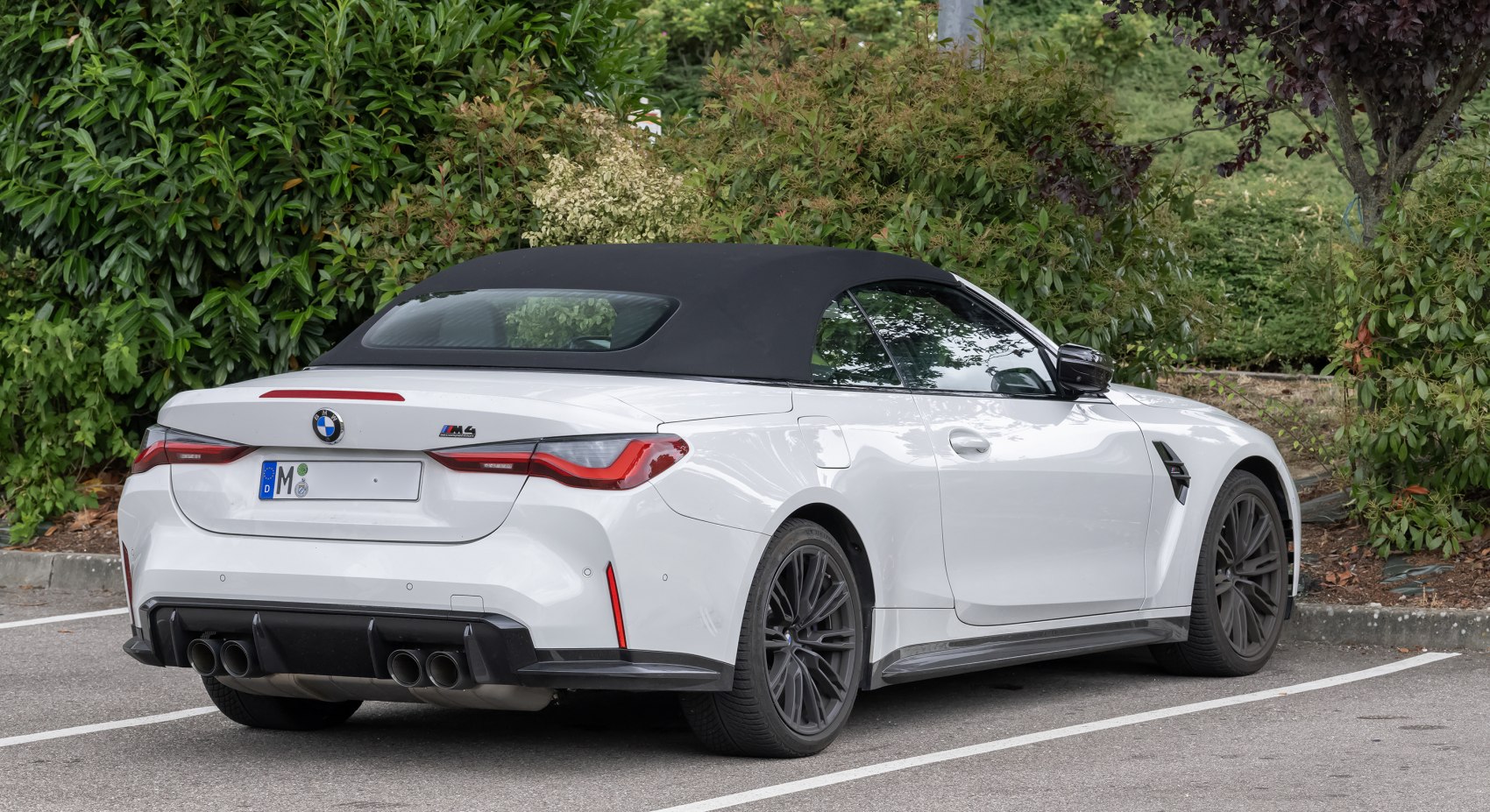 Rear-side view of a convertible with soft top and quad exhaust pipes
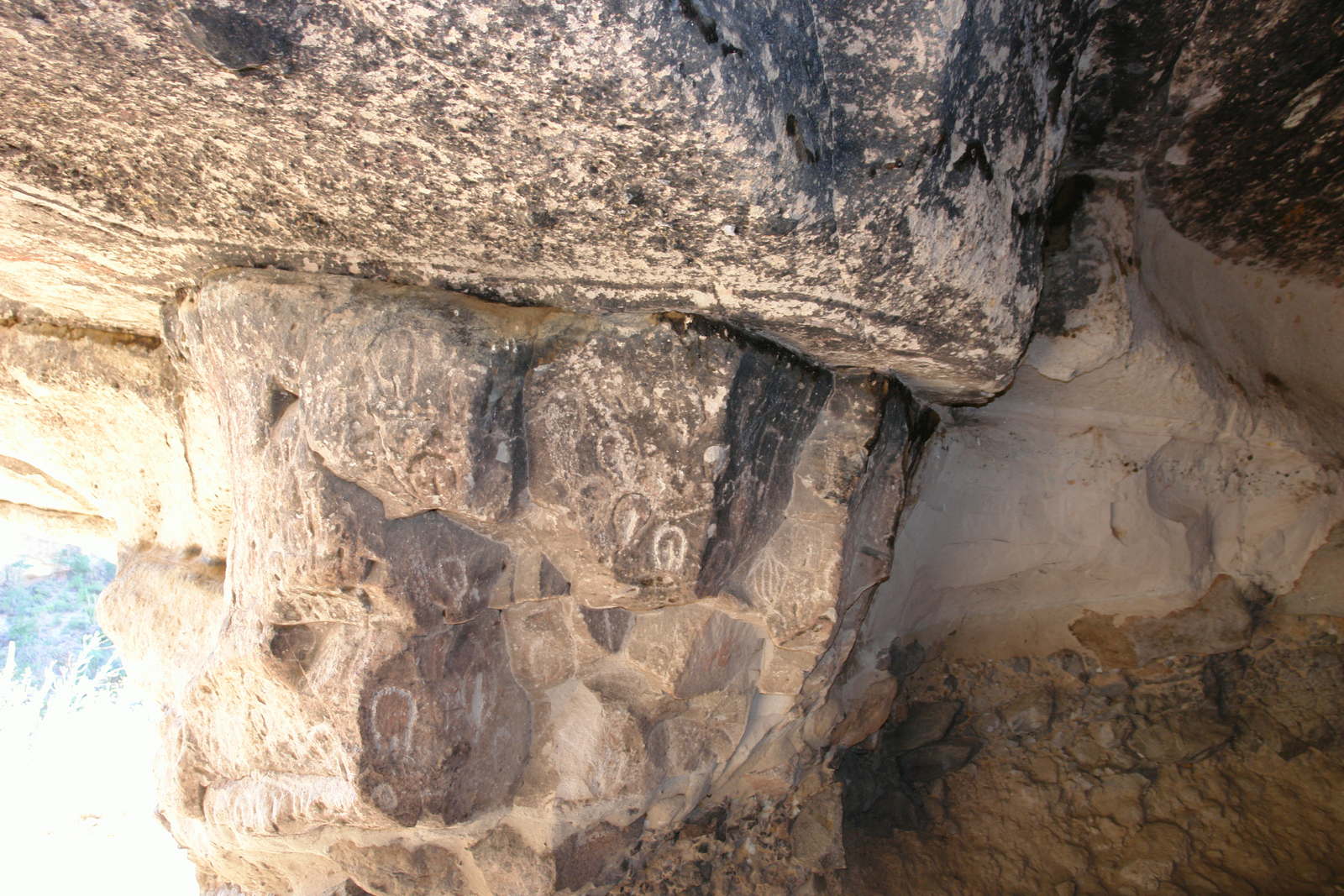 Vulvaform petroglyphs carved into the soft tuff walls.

+===+

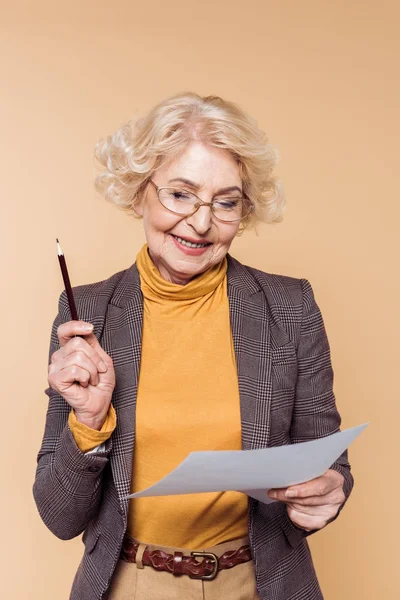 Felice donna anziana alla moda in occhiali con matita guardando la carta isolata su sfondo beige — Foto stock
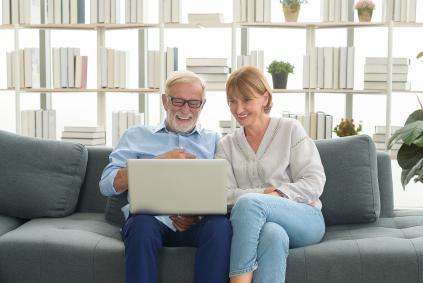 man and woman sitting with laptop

+===+

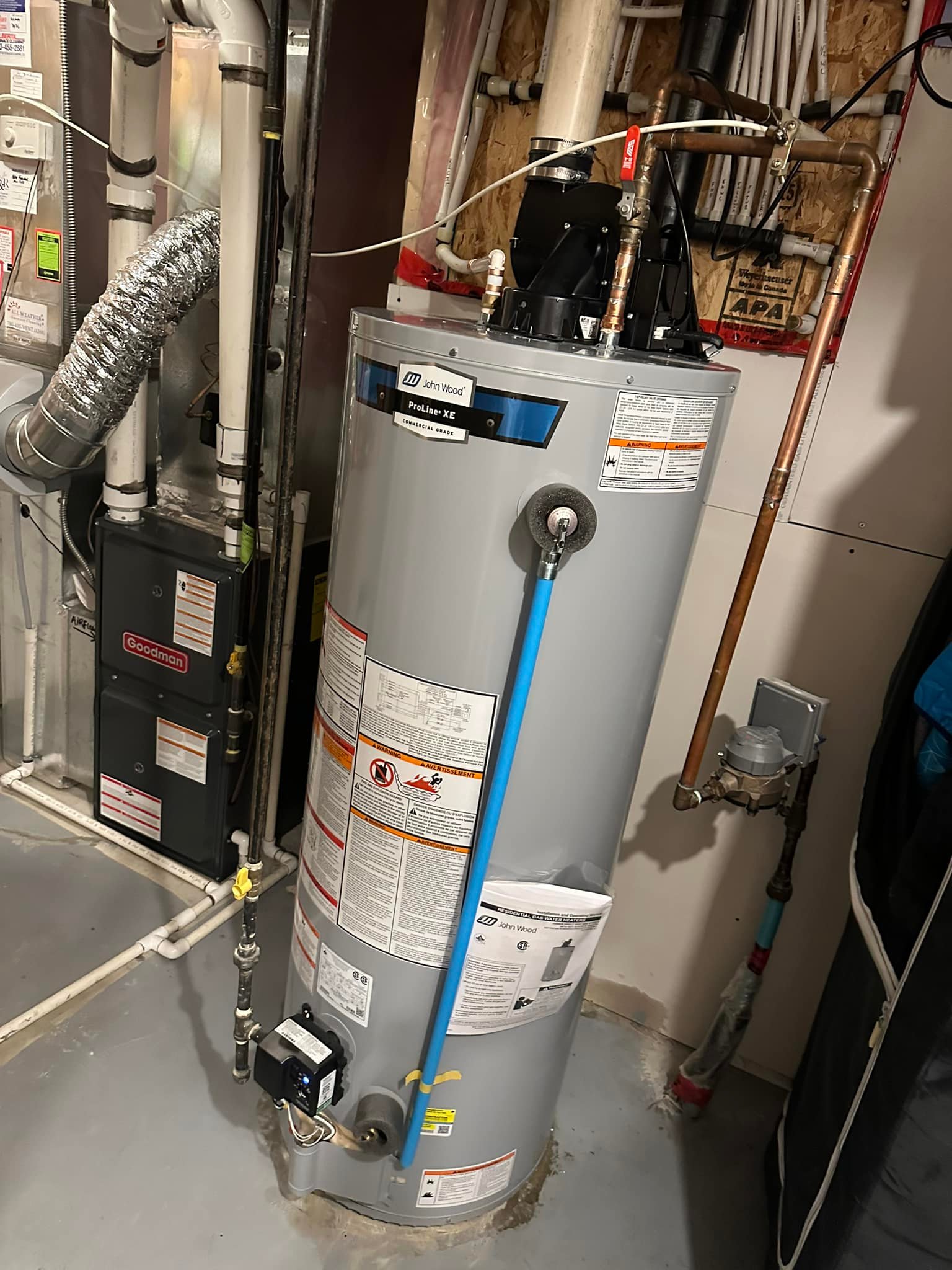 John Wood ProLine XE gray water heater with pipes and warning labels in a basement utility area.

+===+

> [Your task]:
Work from the entries above. Set down exactly and only the lines from the line with "Rear-side view of" to the line with "Vulvaform petroglyphs carved", both included, and leave the pictures out.

> [Solved exercise]:
 Rear-side view of a convertible with soft top and quad exhaust pipes
 Vulvaform petroglyphs carved into the soft tuff walls.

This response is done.